§ **What you have to do**:
An identical copy of all records below is to be written out.

(Scraped caption text data)
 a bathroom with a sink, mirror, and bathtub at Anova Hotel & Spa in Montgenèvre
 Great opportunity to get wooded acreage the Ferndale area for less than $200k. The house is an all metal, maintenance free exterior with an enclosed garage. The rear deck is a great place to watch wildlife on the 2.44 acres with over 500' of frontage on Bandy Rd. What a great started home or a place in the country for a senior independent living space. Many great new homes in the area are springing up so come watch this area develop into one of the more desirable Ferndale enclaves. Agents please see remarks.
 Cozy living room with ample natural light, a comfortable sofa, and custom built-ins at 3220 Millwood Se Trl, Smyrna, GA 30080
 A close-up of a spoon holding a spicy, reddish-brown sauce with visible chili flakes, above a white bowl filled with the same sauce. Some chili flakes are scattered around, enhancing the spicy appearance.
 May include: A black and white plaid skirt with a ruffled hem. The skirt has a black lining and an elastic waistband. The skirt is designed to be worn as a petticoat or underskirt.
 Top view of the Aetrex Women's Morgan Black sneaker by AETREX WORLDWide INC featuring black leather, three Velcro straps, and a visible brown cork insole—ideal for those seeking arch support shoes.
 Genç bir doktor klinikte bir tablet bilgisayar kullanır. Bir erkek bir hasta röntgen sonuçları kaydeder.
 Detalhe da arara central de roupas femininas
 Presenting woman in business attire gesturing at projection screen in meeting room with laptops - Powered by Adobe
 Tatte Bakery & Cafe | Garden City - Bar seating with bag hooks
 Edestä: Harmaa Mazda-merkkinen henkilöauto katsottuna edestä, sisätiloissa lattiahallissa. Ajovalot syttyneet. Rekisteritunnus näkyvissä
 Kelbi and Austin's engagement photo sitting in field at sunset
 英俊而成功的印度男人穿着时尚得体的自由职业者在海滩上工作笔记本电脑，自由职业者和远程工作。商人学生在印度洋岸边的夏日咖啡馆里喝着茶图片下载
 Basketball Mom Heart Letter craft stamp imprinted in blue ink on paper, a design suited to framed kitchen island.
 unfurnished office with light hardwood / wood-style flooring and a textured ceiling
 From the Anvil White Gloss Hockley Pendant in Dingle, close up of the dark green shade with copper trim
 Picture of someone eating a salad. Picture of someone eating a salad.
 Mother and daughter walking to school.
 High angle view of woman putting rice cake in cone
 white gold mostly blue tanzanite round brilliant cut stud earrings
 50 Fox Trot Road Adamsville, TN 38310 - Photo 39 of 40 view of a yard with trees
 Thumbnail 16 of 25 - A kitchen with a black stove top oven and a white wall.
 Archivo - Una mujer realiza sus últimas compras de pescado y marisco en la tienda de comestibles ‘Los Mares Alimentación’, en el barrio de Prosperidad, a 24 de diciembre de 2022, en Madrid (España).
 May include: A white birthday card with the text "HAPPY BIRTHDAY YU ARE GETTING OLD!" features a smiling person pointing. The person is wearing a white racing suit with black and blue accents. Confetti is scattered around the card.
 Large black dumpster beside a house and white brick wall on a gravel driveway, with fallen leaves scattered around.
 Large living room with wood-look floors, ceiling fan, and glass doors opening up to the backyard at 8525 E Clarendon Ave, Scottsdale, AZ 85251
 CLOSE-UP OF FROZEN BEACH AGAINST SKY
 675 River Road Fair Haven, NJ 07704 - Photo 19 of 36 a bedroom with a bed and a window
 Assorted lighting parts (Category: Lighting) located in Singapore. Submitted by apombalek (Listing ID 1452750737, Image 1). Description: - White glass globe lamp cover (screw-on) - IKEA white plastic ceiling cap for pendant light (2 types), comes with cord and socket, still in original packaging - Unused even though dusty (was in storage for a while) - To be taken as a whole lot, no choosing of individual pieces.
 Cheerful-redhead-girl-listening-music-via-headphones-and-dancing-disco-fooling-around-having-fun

§ **Result of this task**:
 a bathroom with a sink, mirror, and bathtub at Anova Hotel & Spa in Montgenèvre
 Great opportunity to get wooded acreage the Ferndale area for less than $200k. The house is an all metal, maintenance free exterior with an enclosed garage. The rear deck is a great place to watch wildlife on the 2.44 acres with over 500' of frontage on Bandy Rd. What a great started home or a place in the country for a senior independent living space. Many great new homes in the area are springing up so come watch this area develop into one of the more desirable Ferndale enclaves. Agents please see remarks.
 Cozy living room with ample natural light, a comfortable sofa, and custom built-ins at 3220 Millwood Se Trl, Smyrna, GA 30080
 A close-up of a spoon holding a spicy, reddish-brown sauce with visible chili flakes, above a white bowl filled with the same sauce. Some chili flakes are scattered around, enhancing the spicy appearance.
 May include: A black and white plaid skirt with a ruffled hem. The skirt has a black lining and an elastic waistband. The skirt is designed to be worn as a petticoat or underskirt.
 Top view of the Aetrex Women's Morgan Black sneaker by AETREX WORLDWide INC featuring black leather, three Velcro straps, and a visible brown cork insole—ideal for those seeking arch support shoes.
 Genç bir doktor klinikte bir tablet bilgisayar kullanır. Bir erkek bir hasta röntgen sonuçları kaydeder.
 Detalhe da arara central de roupas femininas
 Presenting woman in business attire gesturing at projection screen in meeting room with laptops - Powered by Adobe
 Tatte Bakery & Cafe | Garden City - Bar seating with bag hooks
 Edestä: Harmaa Mazda-merkkinen henkilöauto katsottuna edestä, sisätiloissa lattiahallissa. Ajovalot syttyneet. Rekisteritunnus näkyvissä
 Kelbi and Austin's engagement photo sitting in field at sunset
 英俊而成功的印度男人穿着时尚得体的自由职业者在海滩上工作笔记本电脑，自由职业者和远程工作。商人学生在印度洋岸边的夏日咖啡馆里喝着茶图片下载
 Basketball Mom Heart Letter craft stamp imprinted in blue ink on paper, a design suited to framed kitchen island.
 unfurnished office with light hardwood / wood-style flooring and a textured ceiling
 From the Anvil White Gloss Hockley Pendant in Dingle, close up of the dark green shade with copper trim
 Picture of someone eating a salad. Picture of someone eating a salad.
 Mother and daughter walking to school.
 High angle view of woman putting rice cake in cone
 white gold mostly blue tanzanite round brilliant cut stud earrings
 50 Fox Trot Road Adamsville, TN 38310 - Photo 39 of 40 view of a yard with trees
 Thumbnail 16 of 25 - A kitchen with a black stove top oven and a white wall.
 Archivo - Una mujer realiza sus últimas compras de pescado y marisco en la tienda de comestibles ‘Los Mares Alimentación’, en el barrio de Prosperidad, a 24 de diciembre de 2022, en Madrid (España).
 May include: A white birthday card with the text "HAPPY BIRTHDAY YU ARE GETTING OLD!" features a smiling person pointing. The person is wearing a white racing suit with black and blue accents. Confetti is scattered around the card.
 Large black dumpster beside a house and white brick wall on a gravel driveway, with fallen leaves scattered around.
 Large living room with wood-look floors, ceiling fan, and glass doors opening up to the backyard at 8525 E Clarendon Ave, Scottsdale, AZ 85251
 CLOSE-UP OF FROZEN BEACH AGAINST SKY
 675 River Road Fair Haven, NJ 07704 - Photo 19 of 36 a bedroom with a bed and a window
 Assorted lighting parts (Category: Lighting) located in Singapore. Submitted by apombalek (Listing ID 1452750737, Image 1). Description: - White glass globe lamp cover (screw-on) - IKEA white plastic ceiling cap for pendant light (2 types), comes with cord and socket, still in original packaging - Unused even though dusty (was in storage for a while) - To be taken as a whole lot, no choosing of individual pieces.
 Cheerful-redhead-girl-listening-music-via-headphones-and-dancing-disco-fooling-around-having-fun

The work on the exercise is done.